I've seen too many of the people fighting with this or that one. They couldn't even go to the mailbox because they'd be talking about them and they'd be mad at them. They'd say, "Did you hear what she said?" It was awful. At least when I go down to the bottom of the hill people will wave to me. They don't say. "That [Jean] said this." That's the way I like it; stay out of their lives they stay out of mine.

“ I DON'T KNOW, I MUST HAVE A SIGN ON ME - I'M NOT ATTACHED, TRY TO PICK ME UP. I DON'T KNOW, YOU GET HIT ON SO MUCH AND PROPOSITIONED.”

Some women were also suspicious of their families. Women, brought up by mothers who hurt them, found it hard to trust other women. Many felt that their loneliness led them to become depressed, or as the women described it, have trouble with their "nerves."

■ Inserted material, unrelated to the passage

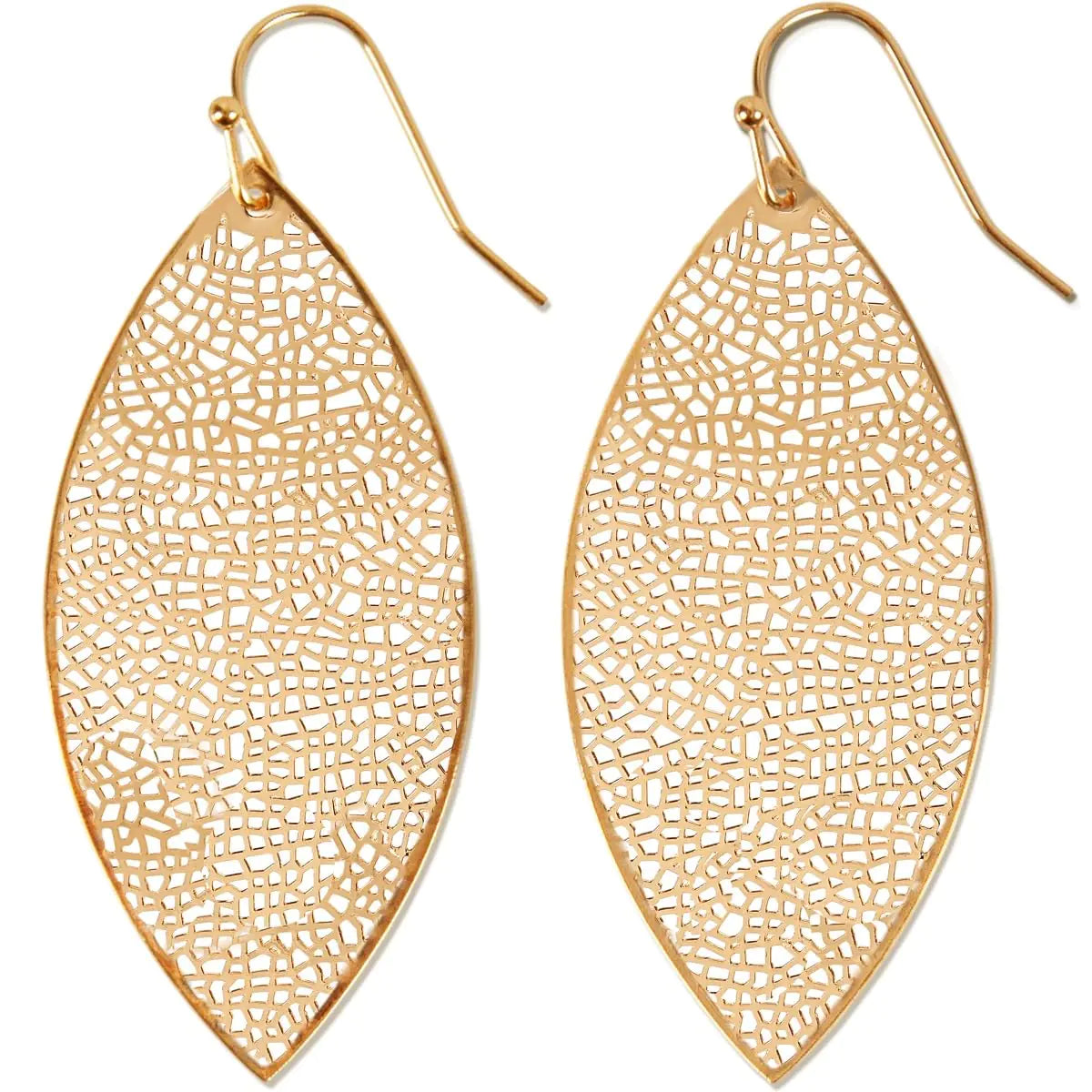 Golden Filigree Leaf Dangle Earrings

It is not uncommon for women to be uprooted and relocated to be near their husband's job. Those women who had made friends lost touch with them when they moved into outlying places with their husbands. Some men increase women's isolation by discouraging them from leaving the house or meeting alone.

Further, when women divorced partners and moved again they sometimes lost any friends they had managed to find during that period. They are cut off from their old friends because of the belief that women alone are a threat, likely to steal another woman's husband. As Alice described:

Where I used to live there was about twelve families and all us girls would go back and forth for coffee. We were friends. When you become a divorced person you don't have that anymore, because somehow they seem to think you're not attached to any man anymore, so you might grab theirs.

Other than an occasional bingo game or church group, women lack a social place where they can go without a man. They want somewhere where they can feel comfortable alone, a place to chat with other women. They spoke about being hassled when they went to the tavern even when in a group:

I don't know, I must have a sign on me I'm not attached, try to pick me up. I don't know, you get hit on so much and propositioned.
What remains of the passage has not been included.